Developing highly effective non-noble-metal catalysts for electrode reactions at a low cost and with an adequate supply is of prime significance for advancing fuel cells. Yang et al. [169] were the first to demonstrate the use of a noble-metal-free MOF catalyst—namely, [(HOC2H4)2dtoaCu] (dtoa = dithiooxamide)—for ethanol electro-oxidation reactions. Although the ethanol was just partly oxidized to the acetaldehyde product under the tested conditions, the MOF’s performance in terms of oxidation potential and current density was comparable with that of expensive platinumbased catalysts.

7.3.3. Supercapacitors

It has been claimed in several works that MOFs can be used for supercapacitors applications in an aqueous electrolyte [170]. In fact, MOF-derived materials (e.g., functionalized nickel hydroxides or oxides) are the real active materials on the working electrode, rather than the pristine MOFs. To date, only a few MOFs can retain their integrity in traditional aqueous electrolytes (KOH, H2SO4), since MOF frameworks are always vulnerable in strong acidic and basic conditions. Therefore, organic electrolytes are preferable for pristine MOF-based supercapacitors.

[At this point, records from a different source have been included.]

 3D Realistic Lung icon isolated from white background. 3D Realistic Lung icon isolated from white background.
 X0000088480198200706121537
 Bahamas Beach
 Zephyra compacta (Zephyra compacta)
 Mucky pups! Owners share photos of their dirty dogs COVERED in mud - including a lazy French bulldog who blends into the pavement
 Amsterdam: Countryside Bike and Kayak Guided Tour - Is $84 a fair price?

Sheberla et al. [171] paved the way for the inherent conduction of MOFs for supercapacitors with MOF Ni3(HITP)2 (HITP = 2,3,6,7,10,11-hexaiminotriphenylene), whose bulk electrical conductivity is greater than 5000 S∙m–1 —much higher than those of activated carbons and graphite (≈ 1000 S∙m–1 ). The conductive Ni3(HITP)2 was then employed as an active material to fabricate a two-electrode symmetric device. The calculated areal capacitance was 18 μF∙cm–2 , which was superior to any carbonaceous materials aside from graphene.

7.3.4. Rechargeable batteries

MOF materials have been applied in various rechargeable batteries, such as Li-based batteries, Zn–air batteries, and sodiumion batteries (SIBs) [172]. Among these emerging electrochemical energy storage devices, Li-based batteries, including Li-ion batteries (LIBs), Li–S batteries, and Li–O2 batteries, are superior due to their high energy densities [173]. Higher energy density is desired to power future electrical vehicles, so further progress is required in advanced anode, cathode, and electrolyte materials with satisfactory electrochemical performances [146–148].

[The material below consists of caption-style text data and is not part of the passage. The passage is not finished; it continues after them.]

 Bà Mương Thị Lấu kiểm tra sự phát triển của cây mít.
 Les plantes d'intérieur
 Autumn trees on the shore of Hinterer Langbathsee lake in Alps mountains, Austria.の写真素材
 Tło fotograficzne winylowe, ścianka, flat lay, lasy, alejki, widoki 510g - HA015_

Pristine MOFs have been developed as alternatives to the commonly exploited graphite anodes, since they provide permanent porosity and a high surface area for Li+ storage and transfer during charge and discharge processes. Ogihara et al. [174] used the intercalated metal–organic framework (iMOF)—2,6-Naph(COOLi)2 (Naph = naphthalene)—as an electrode material with a desirable operating potential of 0.5–1.0 V. Such an operating potential is inaccessible among other negative electrode materials for highvoltage bipolar LIBs. These results illustrate that the practical application of the iMOF in LIBs is favorable for the design and fabrication of high energy density batteries with intensified security.

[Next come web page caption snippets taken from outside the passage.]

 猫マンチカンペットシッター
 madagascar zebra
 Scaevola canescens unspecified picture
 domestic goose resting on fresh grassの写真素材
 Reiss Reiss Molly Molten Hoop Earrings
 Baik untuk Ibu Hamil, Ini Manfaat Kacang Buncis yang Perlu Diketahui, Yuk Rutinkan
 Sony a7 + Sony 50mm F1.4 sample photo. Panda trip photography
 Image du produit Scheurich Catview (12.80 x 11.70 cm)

Li–S batteries and Li–O2 batteries, which possess much higher theoretical energy densities than LIBs, are considered to hold great promise as next-generation electrochemical energy storage devices, although numerous key issues remain to be addressed in the future.

The shortcomings of Li–S batteries include the exploitation of lithium metal as the anode, the generation of soluble polysulfides in the reduction process, and the necessary addition of conductive additives. Zheng et al. [175] reported that a novel Ni-MOF— namely, Ni6(BTB)4(BP)3 (BTB = benzene-1,3,5-tribenzoate; BP = 4,4' -bipyridyl)—significantly immobilized the formed polysulfides within the cathode material via chemical and physical interactions. Its capacity retention reached 89% after 100 cycles at 0.1 C, revealing the extraordinary cycling performance of the Ni-MOF/S composite.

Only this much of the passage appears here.